Faraleón, hermoso muchacho, mitad hombre mitad bestia, levantóse aquella mañana con un oscuro presagio.
Había soñado con enjambres de pequeñas navecillas a las que inútilmente intentaba espantar.
Seres procedentes de un planeta que se extingue, buscaban enfebrecidos su tabla de salvación.
Faraleón lo sabía. Él los había visto y podía oler su miedo y su ferocidad. Faraleón también podía imaginarse las intenciones de aquellos seres extraños. Llegarían a su tierra igual que llega a la sangre una infección virulenta: para infectarla por completo. Lo invadirían todo. Tomarían a sus mujeres y a sus niños y harían con ellos horribles experimentos, infligirían a sus hombres más fuertes; y a sus jóvenes más lozanos, la tiranía de la esclavitud; y a sus ancianos, la vergüenza del destierro y la condena de una muerte segura en un desierto voraz . Allí, en medio de la nada, morirían poco a poco con la sola compañía de los buitres y de los perros salvajes que devorarían hasta sus huesos. ¡Había que evitarlo a toda costa!
Faraleón vistióse con su uniforme de gladiador egipcio, y adoptó en su corazón la forma de un león para que le diera la fuerza y la decisión necesarias para enfrentarse a lo desconocido. Su mente se transformó en la de una cobra, con su misma rapidez y con su misma concentración.
Pronto, un rumor como de miles de moscas, empezó a sentirse por las tierras de Tamur. Sin darle tiempo a nada, se encontró frente a un pequeño ser de aspecto pétreo que le miraba con interés y aprensión.
Era Alien Hado, jefe de los robotrones galácticos.
Durante unos minutos, ambos se observaron, con miedo y curiosidad, como midiéndose las fuerzas. Pero Alien Hado, tenía el poder de penetrar en las mentes. De un portentoso salto se introdujo en el pensamiento del gran Faraleón. Este, vióse así sacudido por tortuosas imágenes. Mientras, un sonido estridente y pertinaz amenazaba con reventar los tímpanos de todos los terrícolas humanos.

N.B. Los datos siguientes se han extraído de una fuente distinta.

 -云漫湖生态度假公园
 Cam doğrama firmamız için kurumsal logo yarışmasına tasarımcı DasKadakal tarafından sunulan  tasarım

Millones de diminutas aeronaves llenaban ya los cielos de Tamur, y el trepidar de los sofisticados motores apenas ahogaba ya los gritos aterrorizados de los habitantes de la ciudad. Pero Faraleón sacó fuerzas de flaqueza y, reuniendo todo su valor; en un gesto indescriptible de entereza y gallardía del que sólo los héroes o los dioses podrían ser capaces; en nombre de su pueblo y por un futuro más justo, lejos de la tiranía de una raza extraña y beligerante; solo, pero con la decisión que dan las causas nobles, Faraleón sacó la lengua y se la mostró a su rival. Faraleón, sonrió mientras los alienígenas chupaban su cerebro porque, una vez más, se había burlado de sus enemigos.